On-device Qwen3 TTS in Rust: the speech model runs in ggml (GGUF weights), and the vocoder runs in ONNX Runtime. No server required—everything stays on your machine.
| If you want to… | Start here |
|---|---|
| Turn text into a WAV file | Quick start → Synthesize |
| Match a reference voice (speaker / style) | Voice clone prompts |
| Try it interactively in the terminal | Interactive TUI |
| Embed the engine in your own Rust app | Use the qts library crate (see Crates) |
| Tune GPU / CPU backends | Runtime configuration |
You need: Rust, CMake on your PATH, and Git (for the ggml submodule).
-
Clone and fetch ggml
git clone https://github.com/yet-another-ai/qts.git cd qts git submodule update --init --recursive -
Build the CLI (first build compiles vendored ggml; it can take a few minutes)

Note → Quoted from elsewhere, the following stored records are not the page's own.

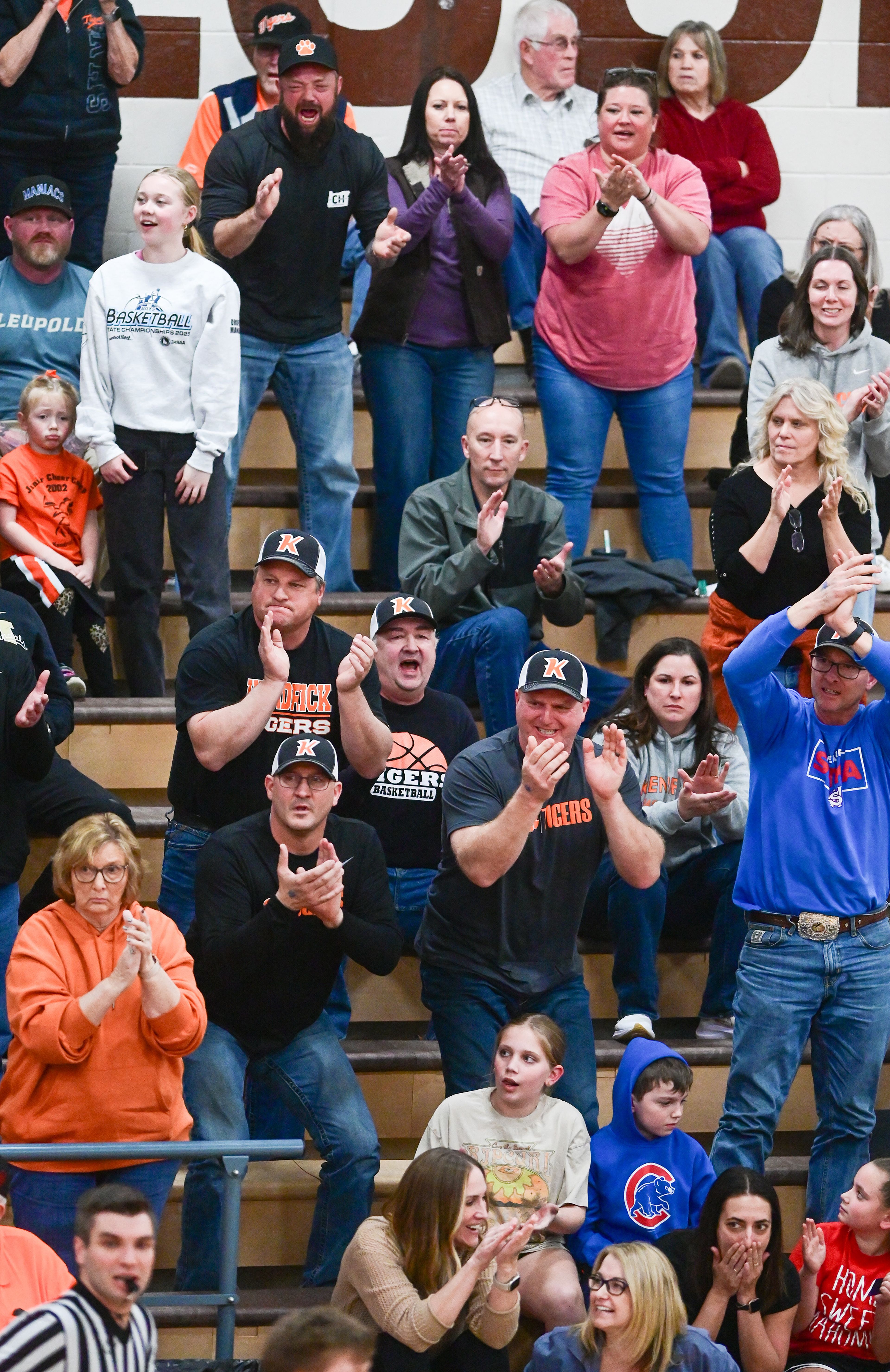Kendrick fans cheer from the stands as the Tigers play Grace at the Idaho 2A state tournament on Friday in Caldwell, Idaho.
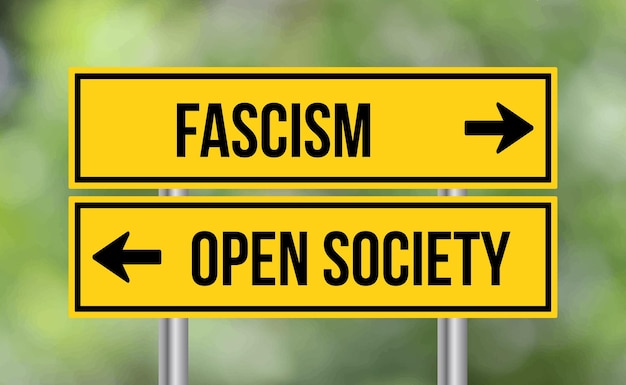 Fascism or open society road sign on blur background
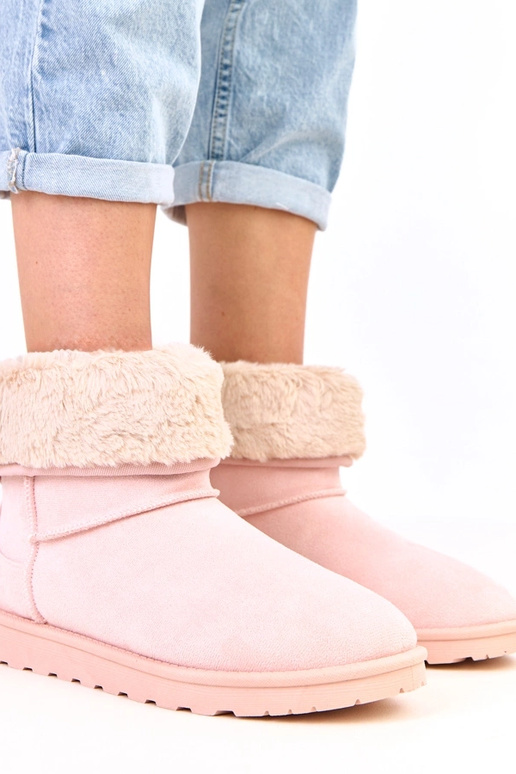 Roze sneeuwlaarzen met bont op een...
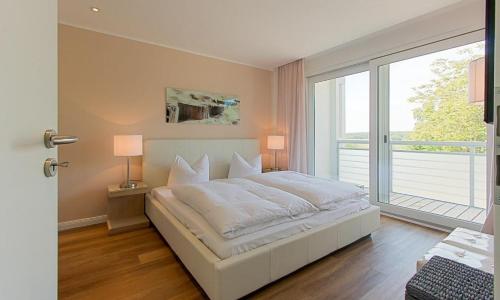 Un dormitorio con una cama blanca y una ventana grande. en Blue Sky, en Dierhagen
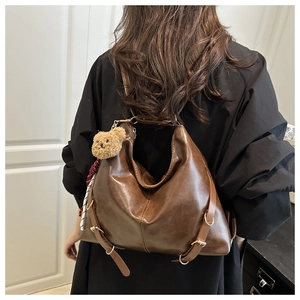 Détail du sac cabas en cuir marron foncé montrant sa grande capacité et sa bandoulière réglable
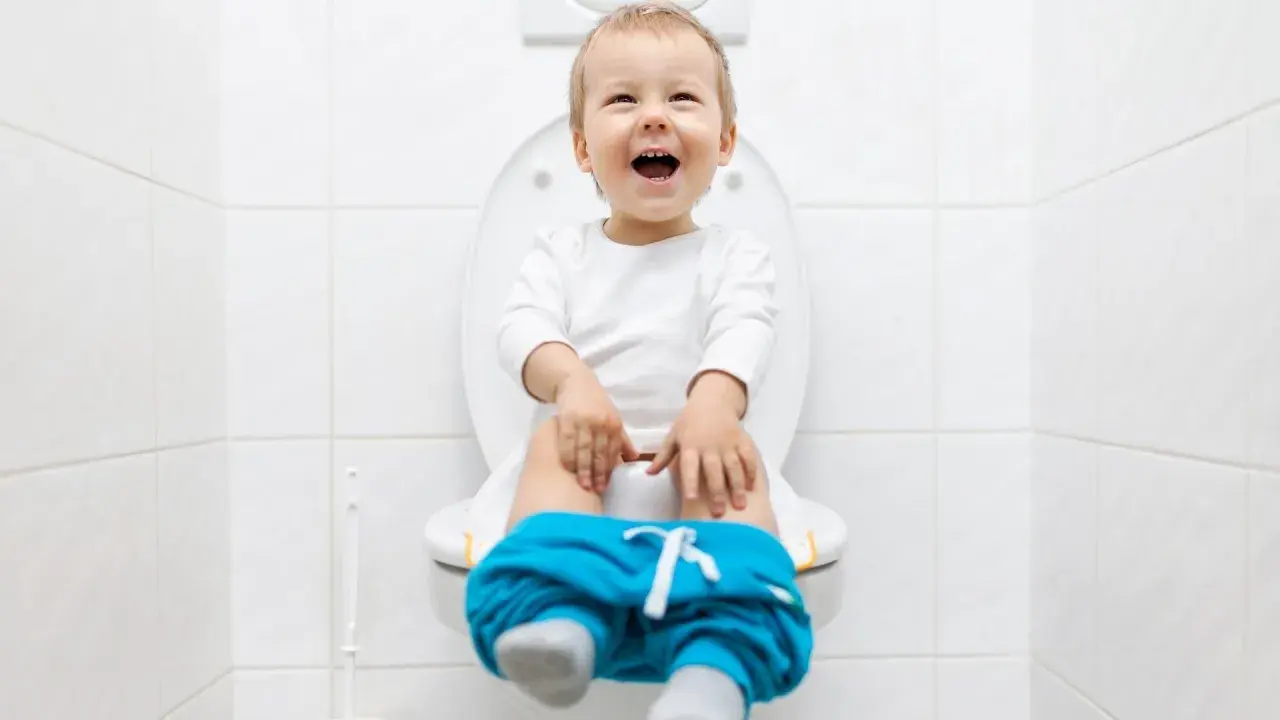 Bambino felice sul water, pantaloni abbassati, pronto per la sua prima cacca nel water.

cargo build --release -p qts_cli
-
Download model files — this repo does not ship weights. Grab a main GGUF plus the shared vocoder ONNX from Hugging Face (or export your own; see docs/models.md) and put them in one folder, for example:
models/ qwen3-tts-0.6b-f16.gguf # or another supported q4_k / q5_k / q6_k / q8_0 variant qwen3-tts-vocoder.onnxThose names match the default lookup used by
--model-dir(seeModelPaths). -
Synthesize
cargo run --release -p qts_cli -- synthesize \ --model-dir models \ --text "Hello from local TTS." \ --out hello.wav
On Apple Silicon, default features include Metal and CoreML where applicable. On Linux / Windows, the default build also enables the NVIDIA-oriented vocoder EPs cuda, nvrtx, and tensorrt; DirectML remains available via an extra feature flag on Windows (see Build options).
| Path | What it is |
|---|---|
crates/ |
Rust: GGML bindings, TTS engine (qts), CLI/TUI (qts_cli) |
scripts/ |
Python (uv): export GGUF/ONNX and voice-clone protobuf prompts |
docs/ |
Models, testing, releases, Hugging Face card template |
testdata/ |
Small fixtures only; keep large checkpoints outside the repo |
| Crate | Role |
|---|---|
qts_ggml_sys |
CMake + bindgen FFI to vendored ggml (submodule) |
qts_ggml |
Thin wrappers + sys re-export |
qts |
Library: GGUF load, tokenizer, transformer inference, speaker encoding, vocoder bridge, protobuf voice-clone types |
qts_cli |
synthesize, profile, and interactive tui |
CLI (same engine as the library):
cargo build -p qts_cli
cargo build -p qts_cli --features metal # Apple GPU (GGML)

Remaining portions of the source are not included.